▶ _Work required_
From the listing that follows, reproduce only the lines from the one holding "Mexico Aztec Eagle" through the one holding "Roxo abstrato flocos", both included, with no pictures.

▶ _Given data_
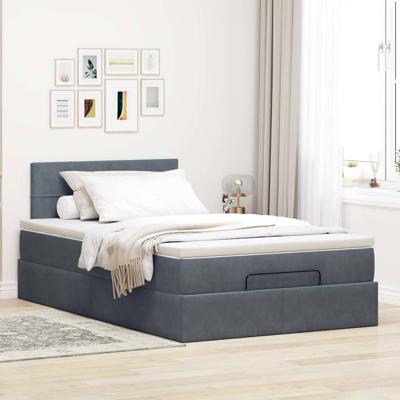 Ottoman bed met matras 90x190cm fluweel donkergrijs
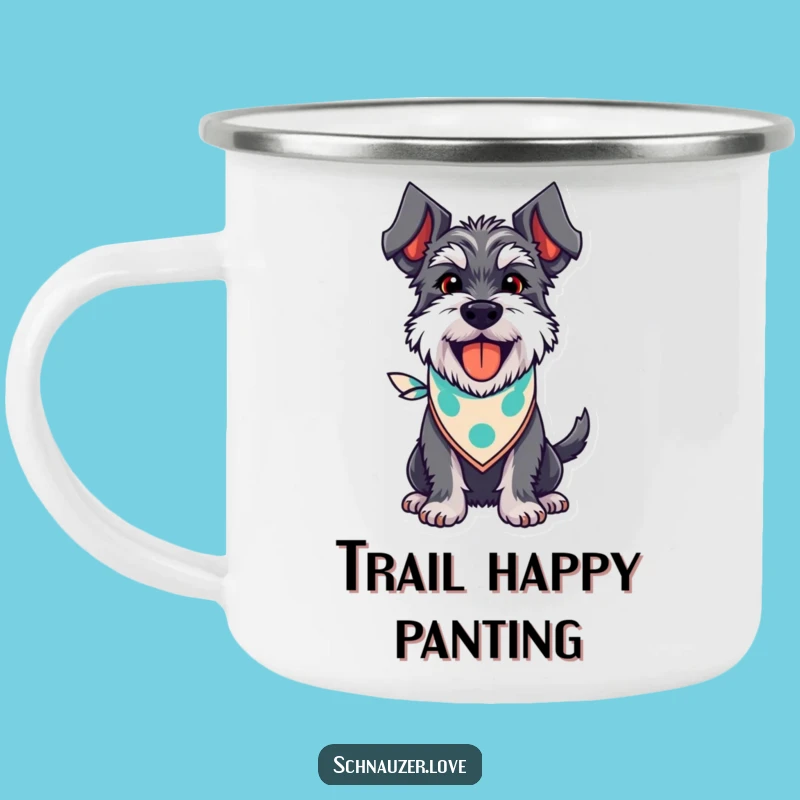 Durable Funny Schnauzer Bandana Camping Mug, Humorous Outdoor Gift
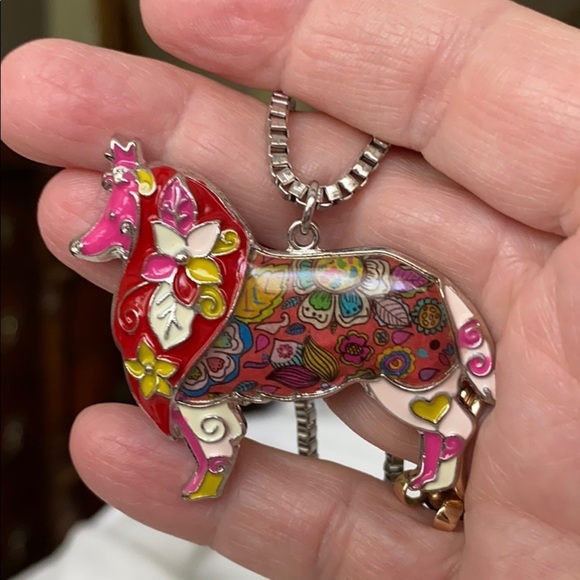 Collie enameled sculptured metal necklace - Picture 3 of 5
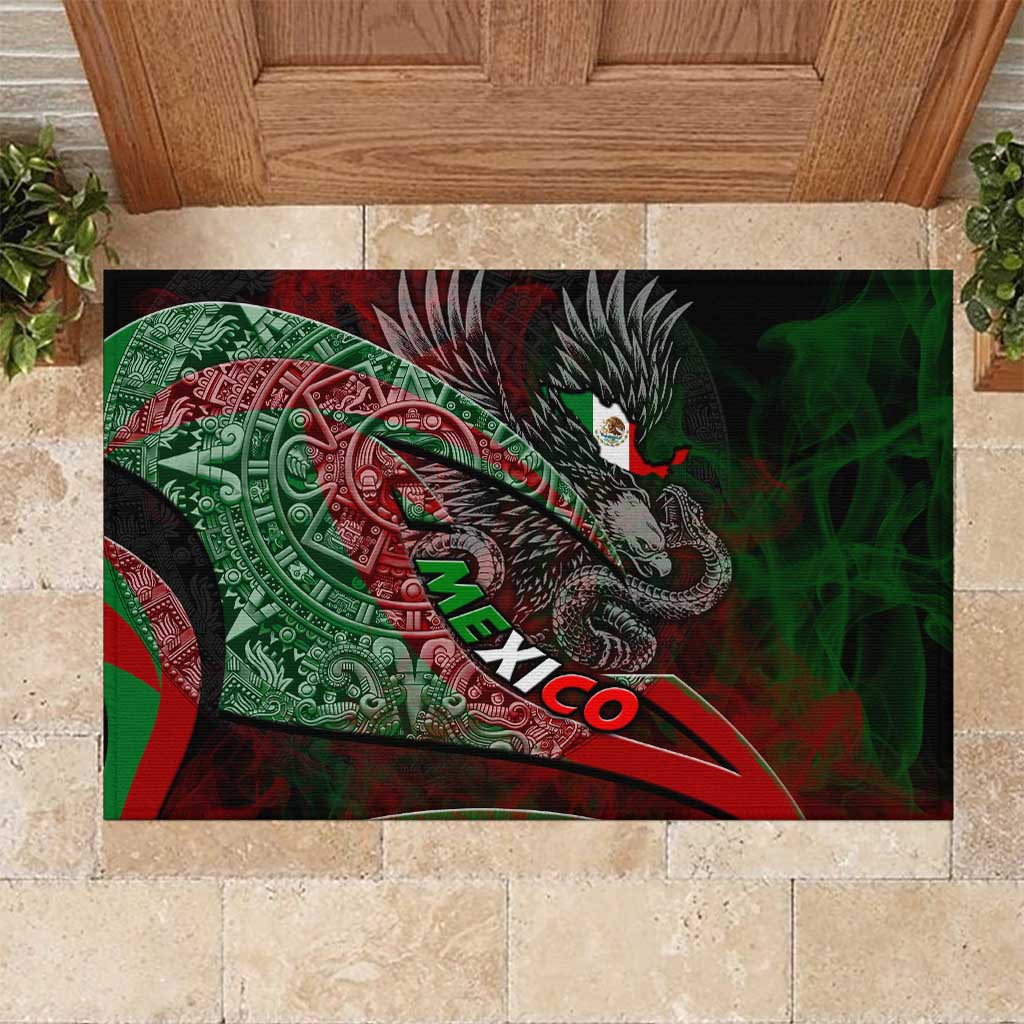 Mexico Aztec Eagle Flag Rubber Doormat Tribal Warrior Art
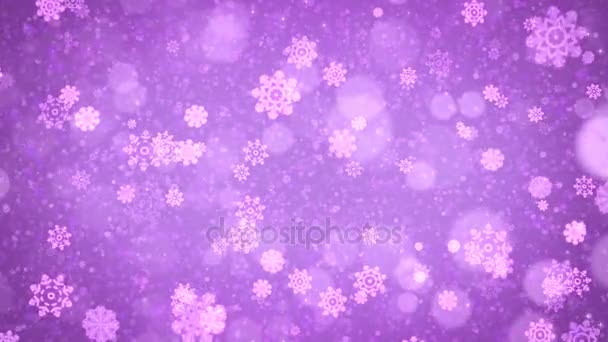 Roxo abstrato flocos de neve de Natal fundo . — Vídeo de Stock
--
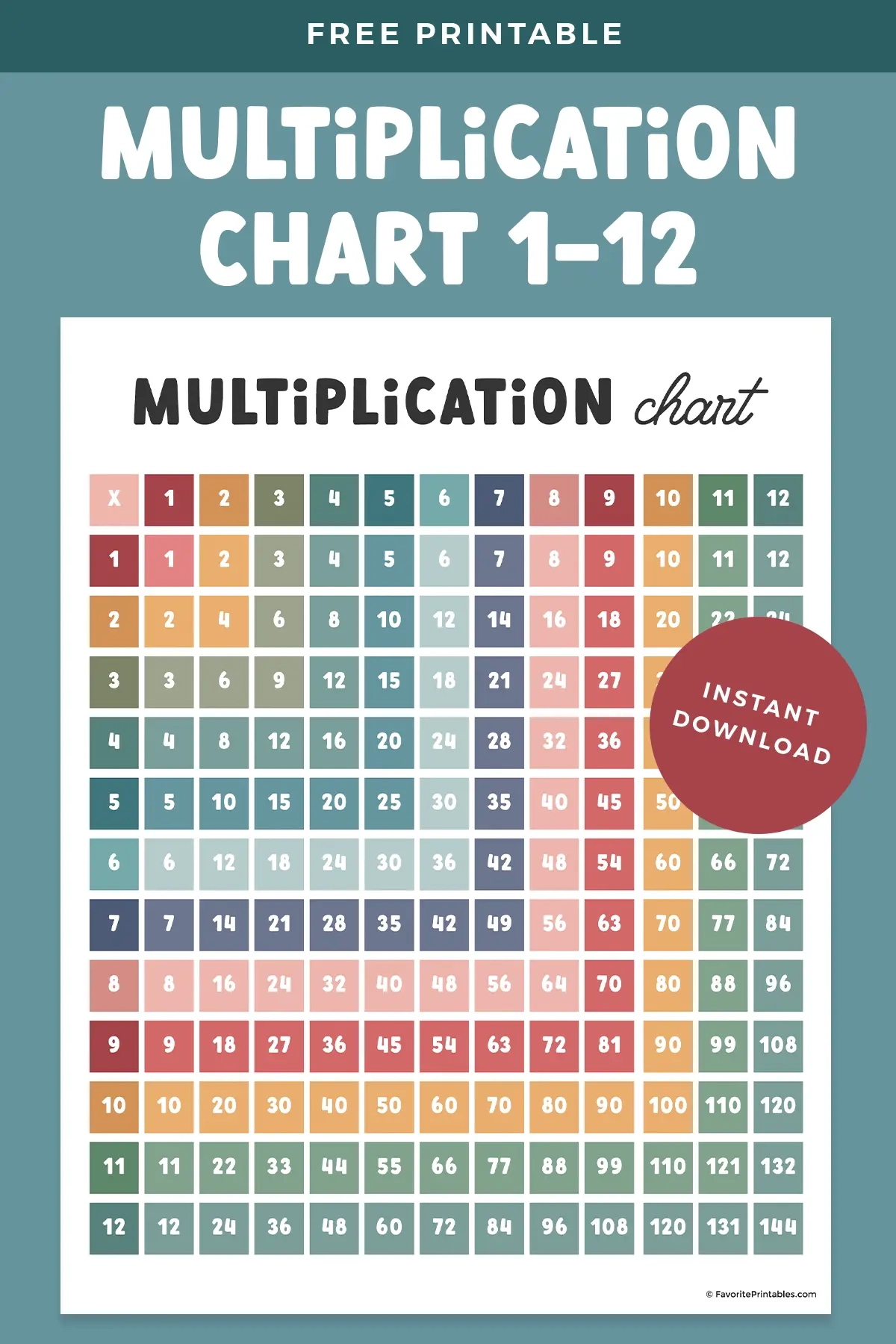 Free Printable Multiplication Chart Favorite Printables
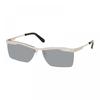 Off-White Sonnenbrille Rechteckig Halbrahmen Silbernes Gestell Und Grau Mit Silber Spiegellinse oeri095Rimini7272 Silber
---
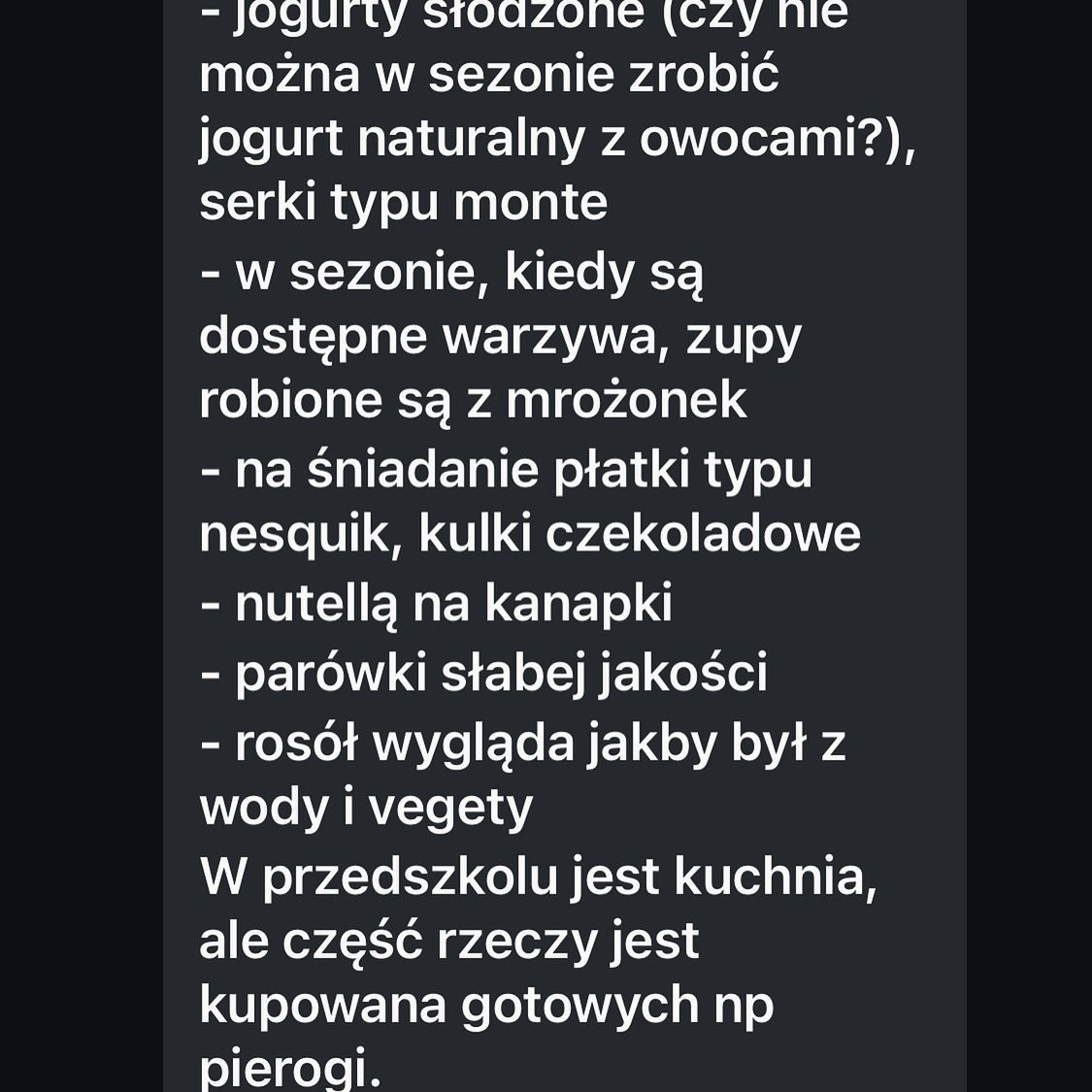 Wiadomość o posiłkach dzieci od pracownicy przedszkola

▶ _Result of the exercise_
 Mexico Aztec Eagle Flag Rubber Doormat Tribal Warrior Art
 Roxo abstrato flocos de neve de Natal fundo . — Vídeo de Stock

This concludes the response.